The thought is echoed by another headteacher in the city - who said their teachers are facing an 'even more impossible job by the day'.

"Each day I am being forced to make decisions that negatively impact wellbeing, educational outcomes and safety.

"I worry, I really worry. It keeps me up at night, I think about it at the weekends and I think about it during holidays. I feel on a daily basis I am having to make impossible decisions. It feels isolating.

"But then you look to other heads for reassurance and support and find that you are looking into a mirror as practically every other headteacher in the city is experiencing the same levels of worry, stress and anxiety.

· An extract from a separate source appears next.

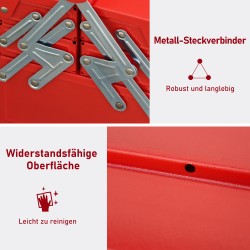 Teräksinen työkalulaatikko 3 tasoa 5 lokeroa 45 x 20 x 34,5 cm punainen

"Our teachers are facing an even more impossible job by the day. Like every other head in the City of Brighton and Hove, we know our schools, we know our children, we know our families and we know our communities. We know what to do to support them and allow them to thrive. We just need to be given the finances and resources to do it.

"So much that is successful in school, society and life rests on delivering the highest quality intervention at the earliest possible opportunity. The education system has been screaming from the rooftops for years that this is not happening, it is heartbreaking that we feel further away than from this than ever before."

The Government said it is investing an extra £2 billion in education for the next two years, bringing spending to its highest level ever in real terms.

Schools will be given the flexibility to how they use the funding to support their pupils.

The Department for Education was unable to provide an official statement.